AUSTIN, Texas (AP) - The chief executive officer of the nation’s largest shelters for migrant children says he’s “ready now” to start reuniting hundreds of babies and young kids with their families.
Juan Sanchez of the nonprofit Southwest Key Programs made the comments hours before a judge in California ordered U.S. border authorities to bring separated families together within 30 days of a late Tuesday ruling. If children are younger than 5, they must be reunified within the next 14 days.
Sanchez said his nonprofit has located many of the parents who have been arrested for trying to cross the U.S.-Mexico border so - if the opportunity arose - they could move quickly to reunite the families.
“We’re ready today,” said Sanchez, who had been fearful of a long, drawn out process.
Sanchez earlier said parents’ cases would likely have to first make their way through the legal system. Only then could the federal Office of Refugee Resettlement give the go-ahead to put families back together.

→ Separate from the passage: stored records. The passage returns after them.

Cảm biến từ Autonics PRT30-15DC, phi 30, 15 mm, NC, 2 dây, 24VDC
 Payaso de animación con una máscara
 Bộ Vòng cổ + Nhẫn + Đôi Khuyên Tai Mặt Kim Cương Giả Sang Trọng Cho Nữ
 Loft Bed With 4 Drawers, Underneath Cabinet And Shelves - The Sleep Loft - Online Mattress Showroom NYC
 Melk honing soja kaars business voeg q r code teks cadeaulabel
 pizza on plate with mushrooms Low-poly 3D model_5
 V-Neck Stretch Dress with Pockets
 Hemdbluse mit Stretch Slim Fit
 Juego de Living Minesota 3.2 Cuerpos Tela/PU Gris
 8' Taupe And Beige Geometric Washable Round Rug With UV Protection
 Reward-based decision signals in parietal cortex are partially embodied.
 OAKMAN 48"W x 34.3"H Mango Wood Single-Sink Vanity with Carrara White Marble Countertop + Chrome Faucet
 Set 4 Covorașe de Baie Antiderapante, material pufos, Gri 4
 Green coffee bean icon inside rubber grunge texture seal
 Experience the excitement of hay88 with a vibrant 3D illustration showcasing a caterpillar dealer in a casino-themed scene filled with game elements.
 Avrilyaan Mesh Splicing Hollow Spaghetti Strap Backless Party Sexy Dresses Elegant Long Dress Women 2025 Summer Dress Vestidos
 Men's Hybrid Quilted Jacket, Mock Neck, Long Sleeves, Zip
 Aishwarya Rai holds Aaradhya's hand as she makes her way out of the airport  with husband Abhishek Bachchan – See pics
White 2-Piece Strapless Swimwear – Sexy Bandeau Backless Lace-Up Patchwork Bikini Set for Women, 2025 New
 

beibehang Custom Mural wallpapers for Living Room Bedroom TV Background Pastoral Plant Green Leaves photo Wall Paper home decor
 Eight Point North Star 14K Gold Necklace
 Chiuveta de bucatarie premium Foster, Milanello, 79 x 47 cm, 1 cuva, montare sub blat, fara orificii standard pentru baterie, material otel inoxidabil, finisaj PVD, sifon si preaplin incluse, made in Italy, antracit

He said there appeared to be a lack of urgency on behalf of the government, and worried that the process could take months.
More than 2,000 children were separated from their parents as part of the Trump administration’s recent “zero-tolerance” crackdown on illegal immigration - and around 600 of them are in Southwest Key facilities around the country.
It’s not clear how border authorities will meet the deadline set by the California judge.
Earlier Tuesday, Health and Human Services Secretary Alex Azar refused to be pinned down on how long it would take. He said his department does extensive vetting of parents to make sure they are not traffickers masquerading as parents.